Le silence de l’Etat et la grande contradiction
C’est la fermeture des sites de sables de Cotonou et environs par le gouvernement qui est à la base de cette situation de prolifération de sites de prélèvement artisanale de sable. A l’époque, sans les preuves d’une expertise en la matière, le gouvernement se cachant derrière de prétendus soulèvements des populations a pris cette décision unilatéralement. Lesdites populations se seraient plaint de dégâts environnementaux causés par les sociétés de dragage de sable agrées par l’Etat. Dans le même temps, un conseiller du parti Frap, était monté au créneau pour dénoncer les prétendues conséquences environnementales créées par l’activité de dragage de sable dans la zone de Cotonou et environs.
Un ensemble de dénonciations qui auraient motivé la décision du gouvernement. Mais face au drame qui a lieu à Pahou, on est en droit de s’interroger sur la bonne intention du gouvernement à l’époque. Comment se fait-il que le même gouvernement qui a procédé, de façon unilatérale à la fermeture de sociétés de dragage de sable agréées, par elle-même, pour a-t-il dit vouloir protéger l’environnement reste sourd et muet face à la dégradation de l’environnement qui se joue à Pahou ?

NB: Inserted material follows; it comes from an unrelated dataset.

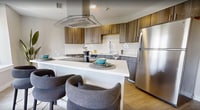 Located at 48–66 W Broad St in Rochester, NY, this 650-square-foot single-floor apartment offers a thoughtfully designed layout combining modern aesthetics with functional living. The open-concept kitchen and living area serves as the heart of the unit, showcasing a contemporary kitchen with wood-toned cabinetry, white subway tile backsplash, white quartz countertops, stainless steel appliances including a dishwasher and refrigerator, and a kitchen island for additional prep space. Light wood-style flooring runs throughout, creating a cohesive and airy feel. The living area is bright and inviting, featuring large windows that offer urban views of Rochester's downtown architecture, including a striking historic church tower. Natural light flows generously through the space, enhancing its open ambiance. The bedroom provides a comfortable retreat with continued light flooring and easy access to the bathroom. The bathroom is clean and modern, featuring a walk-in glass-enclosed shower with white subway tile, tile flooring, and a vanity. The overall design balances contemporary finishes with a warm, neutral palette, creating a stylish and comfortable urban living experience.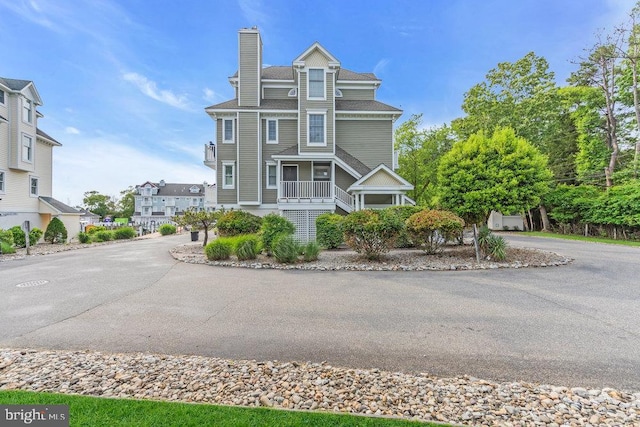 342 Harbor Vw Unit 42, Forked River, NJ 08731 - view of front facade featuring a chimney and driveway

Tout semble confirmer que cette décision du gouvernement loin d’être réfléchie à l’époque était une décision politique tel que soutenu par une certaine opinion. Le gouvernement pour montrer la justesse de sa décision et rester cohérent doit prendre des mesures urgentes pour mettre fin au prélèvement artisanal de sable à Pahou. Pour ce qui concerne les sociétés de dragage de sable agréés par l’Etat et fermées par le gouvernement, il est indispensable de rencontrer leurs responsables pour entamer le dialogue. Cette démarche permettrait de trouver une porte de sortie pour la reprise de leurs activités.
Etant donné quelles au moins, détiennent des équipements appropriés pour le dragage de sable et sont installés sur des sites agréés par l’Etat dans le cadre de cette activité. La reprise de leurs activités sur la base de conditions consensuelles, sauveraient les populations du danger environnemental qui a lieu à Pahou, de la dégradation de certaines voies toujours causée par l’exploitation anarchique du sable, de la flambée des prix du sable dénoncée par les populations qui expriment leur ras-le-bol.